How should we treat schizophrenics, then, in a loving and helpful way? I found an article on Helpguide.org entitled "Helping a Person With Schizophrenia: Overcoming Challenges While Taking Care of Yourself" (http://www.helpguide.org/articles/schizophrenia/helping-a-person-with-schizophrenia.htm). The name of the article is telling -- the first section of the article was about avoiding being overwhelmed by the challenges of being around a schizophrenic. Schizophrenics can be very diffiicult for a person to deal with. There were no special techniques for dealing with a schizophrenic. The article basically summarizes good relationship skills for dealing with someone who is afflicted with schizophrenia. Some general advice given in the artcle was as follows:
"In order to deal successfully with schizophrenia and help your family member, it’s important to:
•accept the illness and its difficulties
•be realistic in what you expect of the person with schizophrenia and of yourself
•maintain a sense of humor
Do your best to help your family member feel better and enjoy life, pay the same attention to your own needs, and remain hopeful."
In addition to taking care of oneself, the article discusses supporting treatment, monitoring medication, watching for signs of relapse, preparing for crisis situations, and exploring housing options.
In the sad case of Edna, since her family did not inform her (if even they were fully aware of it) of her condition, only the aspect of moniotring medications was probably adequately addressed.

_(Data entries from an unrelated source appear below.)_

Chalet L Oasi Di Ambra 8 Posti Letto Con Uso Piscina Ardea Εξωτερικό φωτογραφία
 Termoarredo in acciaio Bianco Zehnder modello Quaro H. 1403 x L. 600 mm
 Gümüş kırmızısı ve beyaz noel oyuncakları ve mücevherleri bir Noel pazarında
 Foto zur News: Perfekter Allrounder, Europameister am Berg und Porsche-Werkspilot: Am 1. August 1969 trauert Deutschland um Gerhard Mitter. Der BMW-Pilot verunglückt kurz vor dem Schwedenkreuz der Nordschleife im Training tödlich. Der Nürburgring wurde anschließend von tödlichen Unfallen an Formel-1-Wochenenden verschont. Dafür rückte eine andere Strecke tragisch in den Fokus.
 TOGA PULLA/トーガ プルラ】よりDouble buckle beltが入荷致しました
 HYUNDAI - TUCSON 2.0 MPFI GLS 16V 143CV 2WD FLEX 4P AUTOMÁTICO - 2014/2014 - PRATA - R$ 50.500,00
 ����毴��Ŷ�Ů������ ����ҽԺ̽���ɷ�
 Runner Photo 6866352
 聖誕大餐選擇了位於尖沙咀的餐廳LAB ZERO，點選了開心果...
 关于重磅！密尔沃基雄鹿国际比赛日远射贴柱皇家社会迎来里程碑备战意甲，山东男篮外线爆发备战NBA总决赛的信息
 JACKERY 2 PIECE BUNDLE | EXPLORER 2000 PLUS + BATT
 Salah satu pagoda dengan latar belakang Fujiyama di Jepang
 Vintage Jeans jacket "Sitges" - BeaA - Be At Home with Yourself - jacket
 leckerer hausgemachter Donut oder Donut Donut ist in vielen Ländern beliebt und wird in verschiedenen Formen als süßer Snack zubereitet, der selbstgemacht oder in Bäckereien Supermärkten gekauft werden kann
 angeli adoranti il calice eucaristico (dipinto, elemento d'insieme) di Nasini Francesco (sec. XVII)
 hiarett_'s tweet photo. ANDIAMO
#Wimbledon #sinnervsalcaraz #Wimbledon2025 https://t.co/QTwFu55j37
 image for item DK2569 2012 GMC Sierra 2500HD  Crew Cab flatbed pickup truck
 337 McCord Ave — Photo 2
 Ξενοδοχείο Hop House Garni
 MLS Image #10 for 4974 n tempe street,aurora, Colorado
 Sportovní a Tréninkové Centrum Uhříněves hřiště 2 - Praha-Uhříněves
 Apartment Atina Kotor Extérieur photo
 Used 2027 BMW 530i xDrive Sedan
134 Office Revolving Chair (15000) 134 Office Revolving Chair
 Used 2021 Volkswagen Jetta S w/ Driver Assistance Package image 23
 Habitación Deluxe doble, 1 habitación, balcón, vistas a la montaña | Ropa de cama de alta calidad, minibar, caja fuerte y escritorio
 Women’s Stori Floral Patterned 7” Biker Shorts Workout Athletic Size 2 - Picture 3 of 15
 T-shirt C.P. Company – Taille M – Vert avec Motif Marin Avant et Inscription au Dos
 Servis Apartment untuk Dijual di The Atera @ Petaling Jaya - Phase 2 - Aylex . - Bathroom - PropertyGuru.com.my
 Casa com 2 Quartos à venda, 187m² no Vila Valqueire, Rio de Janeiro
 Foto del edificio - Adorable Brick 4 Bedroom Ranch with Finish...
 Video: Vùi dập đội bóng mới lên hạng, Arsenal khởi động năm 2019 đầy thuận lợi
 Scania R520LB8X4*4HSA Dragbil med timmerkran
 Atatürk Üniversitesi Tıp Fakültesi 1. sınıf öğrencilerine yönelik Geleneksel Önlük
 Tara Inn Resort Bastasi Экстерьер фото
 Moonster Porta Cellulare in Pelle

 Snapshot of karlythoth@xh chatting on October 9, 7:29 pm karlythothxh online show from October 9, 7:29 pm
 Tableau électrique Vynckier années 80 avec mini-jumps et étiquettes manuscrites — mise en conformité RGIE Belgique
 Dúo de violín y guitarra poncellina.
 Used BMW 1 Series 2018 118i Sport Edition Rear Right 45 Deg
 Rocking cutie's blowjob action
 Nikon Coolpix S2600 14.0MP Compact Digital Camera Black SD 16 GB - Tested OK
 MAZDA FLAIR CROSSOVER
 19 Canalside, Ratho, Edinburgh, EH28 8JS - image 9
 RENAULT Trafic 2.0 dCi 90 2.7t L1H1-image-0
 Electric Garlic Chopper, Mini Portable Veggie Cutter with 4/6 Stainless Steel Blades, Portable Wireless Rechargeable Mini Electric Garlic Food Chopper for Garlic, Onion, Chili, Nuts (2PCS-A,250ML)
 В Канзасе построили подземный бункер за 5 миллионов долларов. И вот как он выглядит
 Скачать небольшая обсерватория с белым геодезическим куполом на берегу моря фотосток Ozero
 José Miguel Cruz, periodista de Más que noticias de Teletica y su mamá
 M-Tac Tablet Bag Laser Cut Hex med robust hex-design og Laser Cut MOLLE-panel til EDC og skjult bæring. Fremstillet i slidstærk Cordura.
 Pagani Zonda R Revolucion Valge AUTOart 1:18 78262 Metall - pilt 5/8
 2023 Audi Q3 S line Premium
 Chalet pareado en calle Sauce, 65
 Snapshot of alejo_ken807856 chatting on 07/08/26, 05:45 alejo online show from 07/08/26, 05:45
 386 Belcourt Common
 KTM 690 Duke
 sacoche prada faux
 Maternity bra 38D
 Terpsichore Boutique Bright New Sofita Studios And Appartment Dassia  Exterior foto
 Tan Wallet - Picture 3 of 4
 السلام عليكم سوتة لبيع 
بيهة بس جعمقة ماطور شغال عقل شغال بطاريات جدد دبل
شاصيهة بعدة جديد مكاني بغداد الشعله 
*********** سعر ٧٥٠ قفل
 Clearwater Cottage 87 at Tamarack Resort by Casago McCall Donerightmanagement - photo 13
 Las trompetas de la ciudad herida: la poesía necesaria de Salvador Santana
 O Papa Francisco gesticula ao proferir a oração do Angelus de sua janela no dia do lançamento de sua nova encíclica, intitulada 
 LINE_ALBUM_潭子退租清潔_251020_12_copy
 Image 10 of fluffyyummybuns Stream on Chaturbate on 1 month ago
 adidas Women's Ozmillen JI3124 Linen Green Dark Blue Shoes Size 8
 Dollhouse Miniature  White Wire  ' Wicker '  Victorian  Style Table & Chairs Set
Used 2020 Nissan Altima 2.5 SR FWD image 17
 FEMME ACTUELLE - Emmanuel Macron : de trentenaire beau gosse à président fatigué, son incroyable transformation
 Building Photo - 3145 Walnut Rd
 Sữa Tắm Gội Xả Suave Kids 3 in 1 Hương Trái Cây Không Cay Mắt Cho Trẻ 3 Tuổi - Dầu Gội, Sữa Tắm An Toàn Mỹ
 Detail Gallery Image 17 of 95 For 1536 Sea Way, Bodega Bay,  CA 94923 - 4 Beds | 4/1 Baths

Things might have changed since that time, but that is what I obsevered. This would not only be bad for Edna, but create more problems within her family. My graduate school friend Anne was similarly unaware of her condition at first, but I think her husband eventually told her, with my encouragement, when he realized what was happening to Anne. She was subsequently able to obtain treatment, I gather and finished her Ph.D. I now realize that I should have spoken to Edna's family members more about making her aware of her condition and treatment, but my focus was on Edna at the time.
I just looked Edna up on the internet, and was able to locate her immediately; apparently, she is still living in her parents' house. I could have found out more information about her if I had paid, but there is no need to do that.
Basically, helping a person who is schizophrenic means being compassionate and supportive, loving the person even if that person's Love-O-Meter doesn't work well, and understanding that the person will probably never be fully normal, although some function better than others. It's not other people's fault, so family members should not blame themselves or let themeselves be overwhelmed by the schizophrenic's problems, but they should endeavor to help the schizophrenic the best they can. Who knows what will happen? Some schizophrenics recover enough to lead very productive lives, especially with the proper support. How society treats those with psychopathlogy is an indication of how advanced the society is, morally. That is true of individuals as well.